■ Information:

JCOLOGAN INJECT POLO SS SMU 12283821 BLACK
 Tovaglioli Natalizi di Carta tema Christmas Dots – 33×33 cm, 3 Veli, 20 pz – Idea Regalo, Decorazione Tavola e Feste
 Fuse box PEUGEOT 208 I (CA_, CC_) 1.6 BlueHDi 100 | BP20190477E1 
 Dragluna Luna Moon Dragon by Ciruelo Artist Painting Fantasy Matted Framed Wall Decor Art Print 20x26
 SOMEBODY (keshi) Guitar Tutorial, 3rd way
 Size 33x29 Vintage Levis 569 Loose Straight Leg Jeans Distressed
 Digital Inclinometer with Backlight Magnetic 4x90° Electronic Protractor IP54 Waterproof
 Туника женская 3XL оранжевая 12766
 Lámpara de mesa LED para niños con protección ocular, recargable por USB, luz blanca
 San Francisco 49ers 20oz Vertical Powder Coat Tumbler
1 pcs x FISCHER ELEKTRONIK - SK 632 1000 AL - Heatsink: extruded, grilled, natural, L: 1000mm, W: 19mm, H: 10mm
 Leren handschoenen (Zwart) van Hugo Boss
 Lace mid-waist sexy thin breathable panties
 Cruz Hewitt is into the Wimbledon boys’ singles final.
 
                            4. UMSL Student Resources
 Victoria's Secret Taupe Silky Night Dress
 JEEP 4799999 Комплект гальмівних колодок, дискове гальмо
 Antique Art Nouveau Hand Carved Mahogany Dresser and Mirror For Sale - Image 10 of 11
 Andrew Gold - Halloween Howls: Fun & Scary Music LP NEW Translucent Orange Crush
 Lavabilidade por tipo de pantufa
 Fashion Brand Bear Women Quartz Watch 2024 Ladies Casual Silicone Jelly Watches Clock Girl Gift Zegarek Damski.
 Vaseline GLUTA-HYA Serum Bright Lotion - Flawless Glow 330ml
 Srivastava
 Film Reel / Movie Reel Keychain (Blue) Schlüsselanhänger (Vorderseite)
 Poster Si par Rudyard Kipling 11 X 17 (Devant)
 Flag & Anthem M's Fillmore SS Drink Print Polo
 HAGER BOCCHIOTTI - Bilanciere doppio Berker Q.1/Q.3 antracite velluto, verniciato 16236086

■ What is needed: Word for word, restate the lines of the data above that fall between the line holding "JEEP 4799999 Комплект" and the line holding "Andrew Gold - Halloween", inclusive, and no other lines.

■ Exercise answer:
 JEEP 4799999 Комплект гальмівних колодок, дискове гальмо
 Antique Art Nouveau Hand Carved Mahogany Dresser and Mirror For Sale - Image 10 of 11
 Andrew Gold - Halloween Howls: Fun & Scary Music LP NEW Translucent Orange Crush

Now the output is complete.